From the line containing "Gemüse- und Tofuspieße" to the final line of the material below, return every line exactly. Do not include pictures.

STORED DATA.
=-=-=
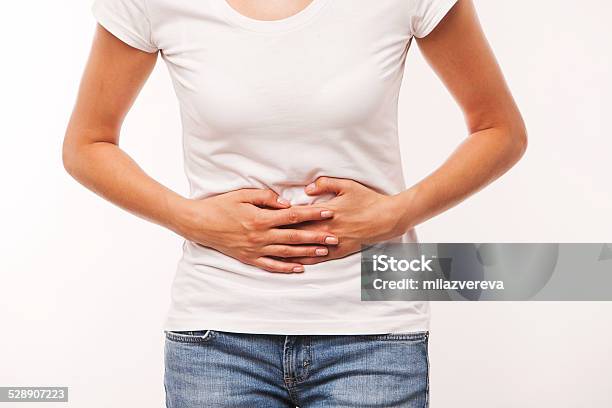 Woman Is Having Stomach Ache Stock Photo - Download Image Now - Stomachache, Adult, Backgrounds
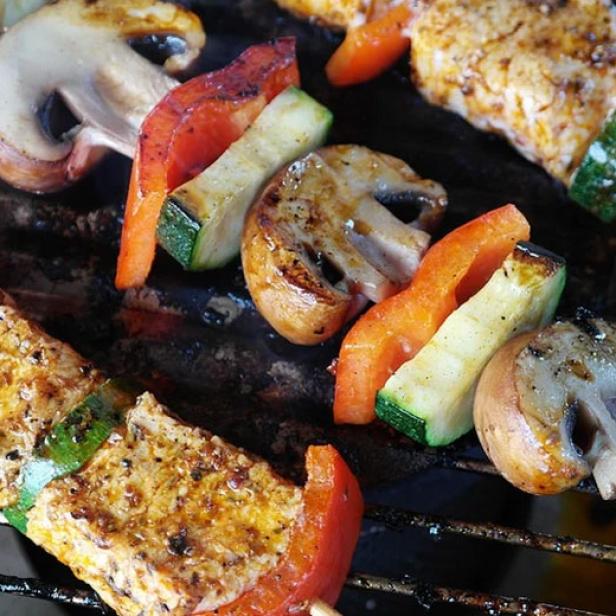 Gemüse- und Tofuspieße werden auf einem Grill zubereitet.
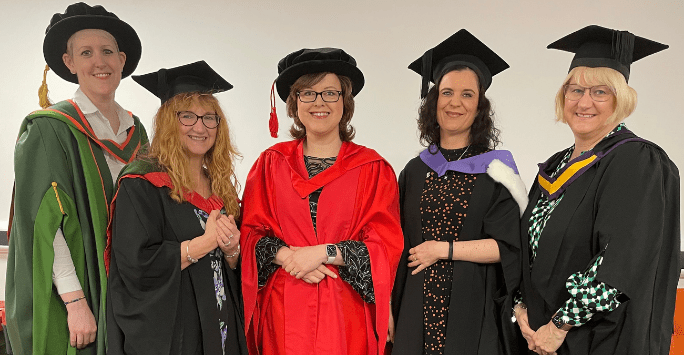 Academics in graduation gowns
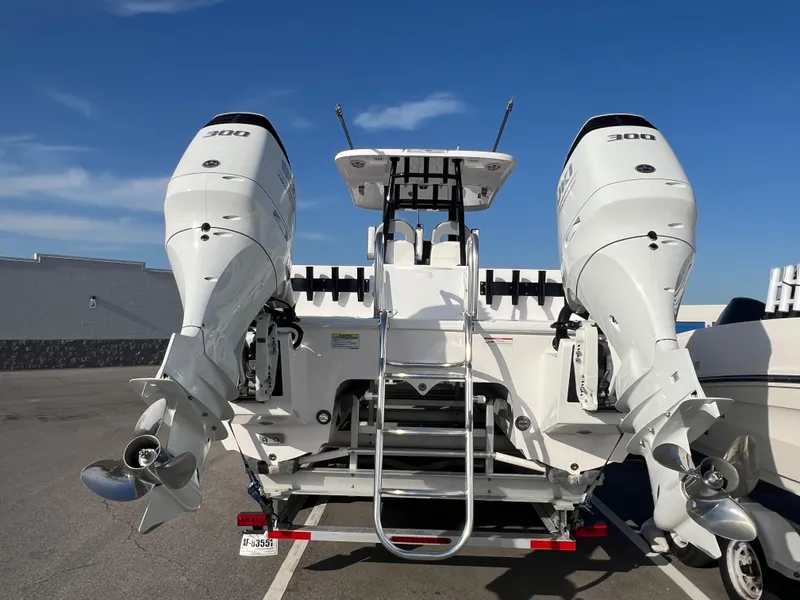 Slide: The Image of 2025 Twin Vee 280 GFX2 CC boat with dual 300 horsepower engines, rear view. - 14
=-=-=
ANSWER TO THIS PROBLEM.
 Gemüse- und Tofuspieße werden auf einem Grill zubereitet.
 Academics in graduation gowns
 Slide: The Image of 2025 Twin Vee 280 GFX2 CC boat with dual 300 horsepower engines, rear view. - 14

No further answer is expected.